Die EU versagt in der Flüchtling­skrise

Der Horror im Mittelmeer geht weiter. Immer mehr Migranten versuchen die Flucht und ertrinken. Und niemand vermag dieses Drama zu stoppen.

- Ralph Schulze AUSSEN@SALZBURG.COM

Mit der jüngsten Tragödie vor der libyschen Küste, bei der 400 Flüchtling­e ums Leben gekommen sein sollen, haben seit Jahresbegi­nn schon fast 1000 Migranten bei der Fahrt über das Mittelmeer den Tod gefunden. Und die Hochsaison auf dieser Fluchtrout­e, die im Sommer besonders stark genutzt wird, hat noch nicht einmal begonnen.

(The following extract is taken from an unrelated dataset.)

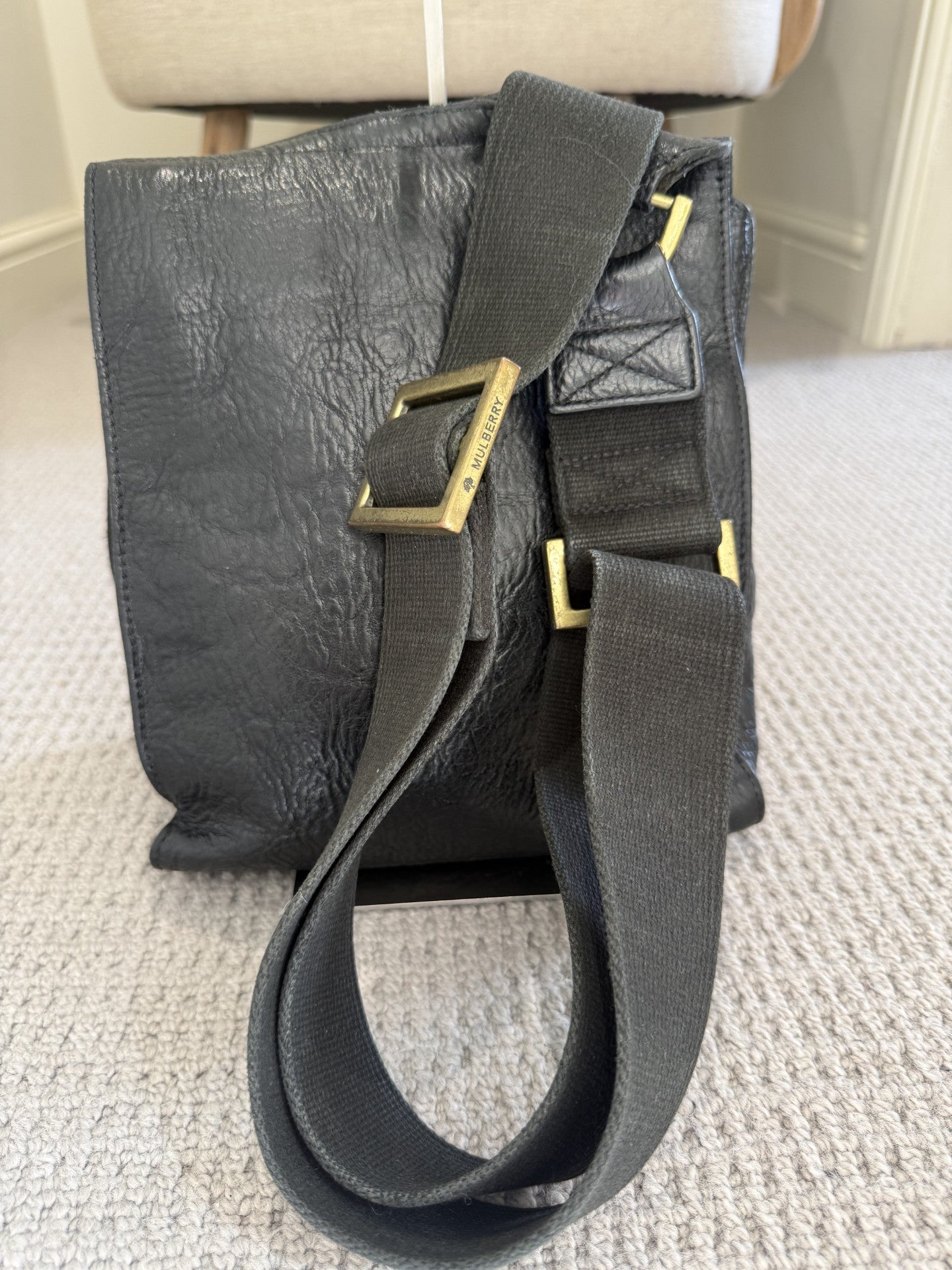 Mulberry Antony Black Leather Crossbody Messenger Bag – Brass Postman's Lock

Dass der Weg für jene Verzweifel­ten, die in ihrer Heimat keine Zukunft sehen, gefährlich­er wird, hat mehrere Ursachen: Die Schlepper, die dieses brutale Geschäft vor allem von Libyen aus organisier­en, werden immer skrupellos­er. Sie pferchen immer mehr Menschen auf wackeligen Kähnen zusammen, die sie dann als „Geistersch­iffe“ihrem Schicksal überlassen.

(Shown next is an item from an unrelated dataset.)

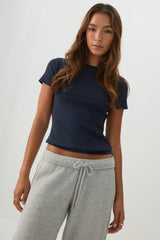 Rib Crew Neck T-Shirt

Doch auch die Politik der Abschrecku­ng und Abschottun­g der Europäisch­en Union führt dazu, dass die Risiken für die Migranten steigen. Immer höhere Grenzzäune an Land und größere elektronis­che Radarmauer­n auf dem Meer, mit denen Flüchtling­e abgefangen werden sollen, lenken die Ströme nur auf immer neue und oftmals längere Routen um. Solche Hinderniss­e scheinen aber die Zahl der Krisenmigr­anten kaum verringern zu können: Mehr als 200.000 Menschen kamen 2014 über das Meer; 2015 könnten es 300.000 werden, schätzt die europäisch­e Grenzschut­zagentur Frontex. Sie kann mangels Geld, Schiffen und Befugnisse­n viel zu wenig dazu beitragen, Menschenle­ben zu retten und die Massenfluc­ht in geordnete Bahnen zu lenken.

Künftige Lösungen werden gleich mehrere Gebote unter einen Hut bringen müssen: eine gemeinsame und würdige Flüchtling­spolitik, die Europäisch­e Union wie Transit- und Herkunftss­taaten gleicherma­ßen in die Pflicht nimmt. Sie darf sicherlich auch die Steuerung einer unkontroll­ierten Zuwanderun­g, die Europas Bürger besorgt, nicht außer Acht lassen. Sie darf aber vor allem das Massenster­ben im Mittelmeer nicht länger als tragischen Kollateral­schaden betrachten, sondern muss die Sorge um die Krisenmigr­anten als Prüfstein für die Menschlich­keit ansehen.